Database -> python classes -> python code -> javascript
MongoDB | that represent | that serves | web interface
the data pages (pyramid)
I want data to be robust, that is the number one requirement. So right now I validate data on the javascript side of the page, but also validate in the python classes which more or so represent data structures. While most server routines run through python classes, sometimes that feel inefficient given that it have to pass through different levels of error checking.
EDIT: I guess I should clarify. I am not looking to unify validation of client and server side code. Sorry for the bad write-up. I'm looking more to figure out where the server side validation should be done. Should it be in the direct interface to the database, or in the web server code where the data is received.
for instance, if I have an object with a barcode, should I validate the barcode in the code that reviews the data through AJAX or should I just call the object's class and validate there?
Again, is there sort of guidelines on how to do error checking in general? I want to be sort of professional, and learn but hopefully not have to go through a whole book.
I am not a software engineer, but I hope those of you who are familiar with complex projects, can tell me where I can find few guidelines on how to model/error check in a situation like this.
I'm not necessarily looking for an answer, but more like pointing me to a short set of guidelines when creating projects with different layers like this. Hopefully not extremely long..
I don't even know what tags to use in the post. HELP!!
Validating on the client and validating on the server serve different purposes entirely. Validating on the server is to make sure your model invariants hold and has to be done to maintain data integrity. Validating on the client is so the user has a friendly error message telling him that his input would've validated data integrity instead of having a traceback blow up into his face.
So there's a subtle difference in that when validating on the server you only really care whether or not the data is valid. On the client you also care, on a finer-grained level, why the input could be invalid. (Another thing that has to be handled at the client is an input format error, i.e. entering characters where a number is expected.)
It is possible to meet in the middle a little. If your model validity constraints are specified declaratively, you can use that metadata to generate some of the client validations, but they're not really sufficient. A good example would be user registration. Commonly you want two password fields, and you want the input in both to match, but the model will only contain one attribute for the password. You might also want to check the password complexity, but it's not necessarily a domain model invariant. (That is, your application will function correctly even if users have weak passwords, and the password complexity policy can change over time without the data integrity breaking.)

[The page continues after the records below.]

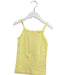 A Yellow Sleeveless Tops from Petit Bateau in size 8Y for girl. (Front View)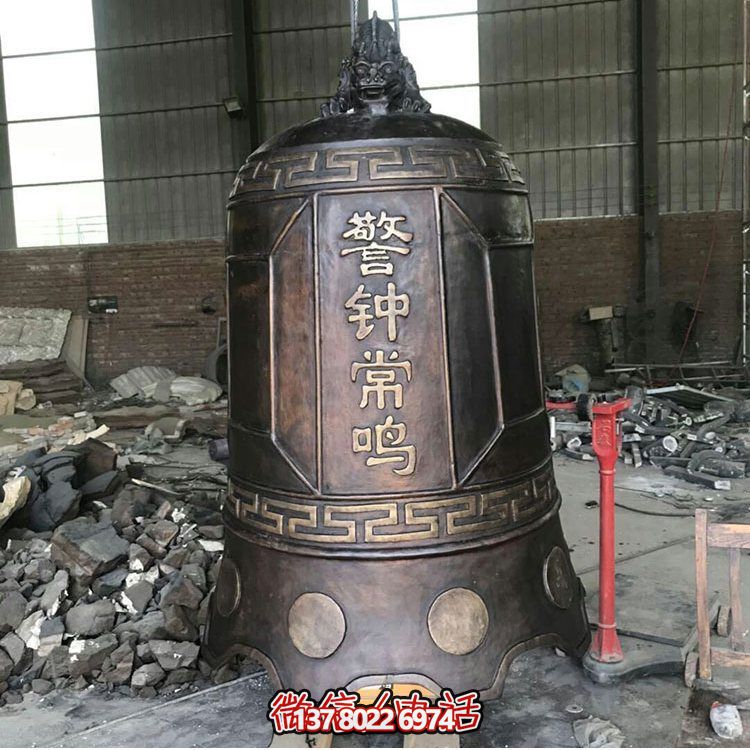 大型仿銅鐘玻璃鋼雕塑，給景區、寺廟、園林帶來更多美好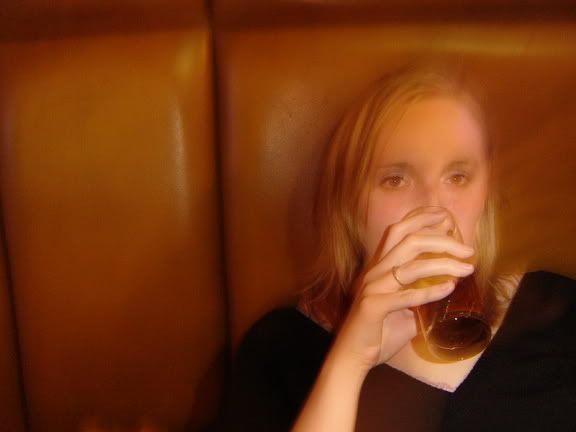 Drinking the finest ale in Scotland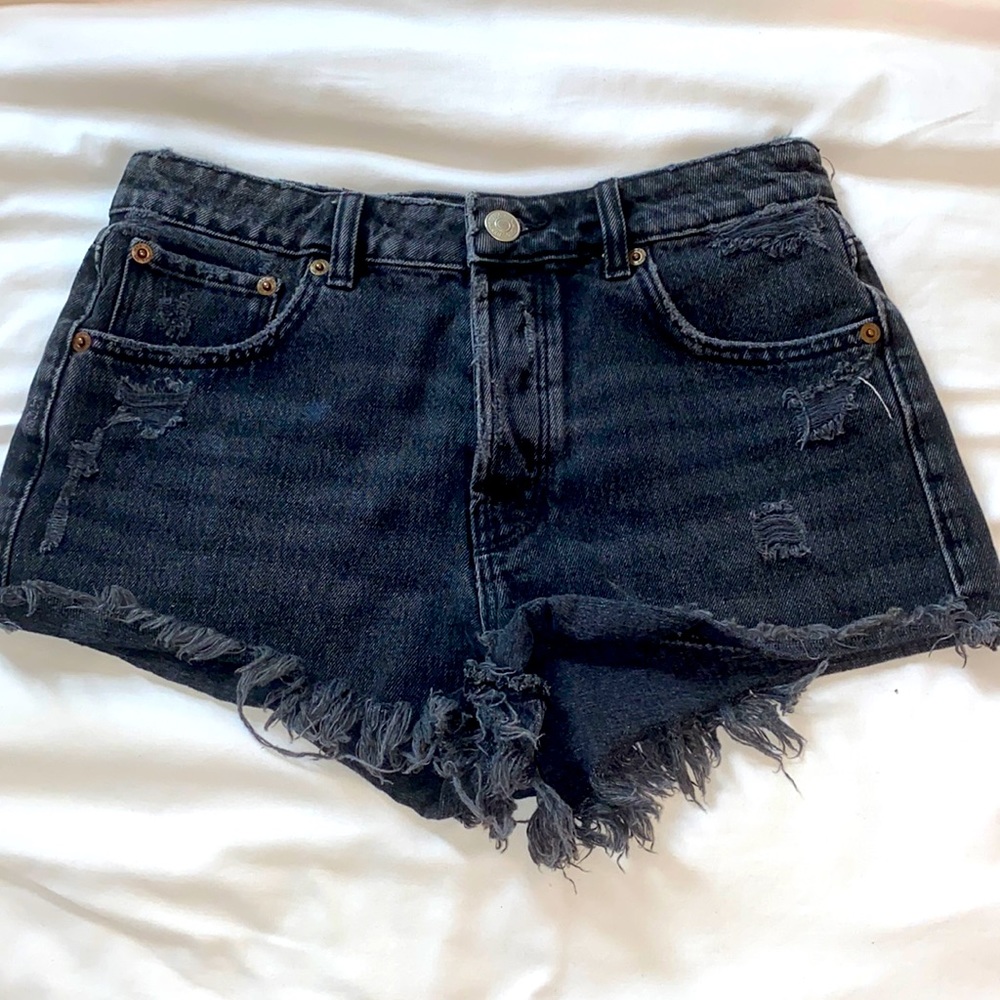 Zara Black Denim Shorts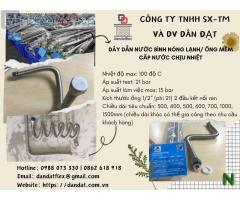 Khớp nối mềm inox nối bích, Ống nối đầu phun chữa cháy, Dây cấp nước bình nóng lạnh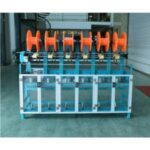 Import 6 heads 6 needles elastic round mask cord earloop cord knitting machine from chinese wholesale supplier and manufacturer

Another problem specific to client-side validation is that you often need to express a dependency between the validation checks. I.e. you have a required field that's a number that must be lower than 100. You need to validate that a) the field has a value; b) that the field value is a valid integer; and c) the field value is lower than 100. If any of these checks fails, you want to avoid displaying unnecessary error messages for further checks in the sequence in order to tell the user what his specific mistake was. The model doesn't need to care about that distinction. (Aside: this is where some frameworks fail miserably - either JSF or Spring MVC or either of them first attempts to do data-type conversion from the input strings to the form object properties, and if that fails, they cannot perform any further validations.)
In conclusion, the above implies that if you care about data integrity, and usability, you necessarily have to validate data at least twice, since the validations achieve different purposes even if there's some overlap. Client-side validation will have more checks and more finer-grained checks than the model-layer validation. I wouldn't really try to unify them except where your chosen framework makes it easy. (I don't know about Pyramid - Django makes these concerns separate in that Forms are a different layer than your Models, both can be validated, and they're joined by ModelForms that let you add additional validations to the ones performed by the model.)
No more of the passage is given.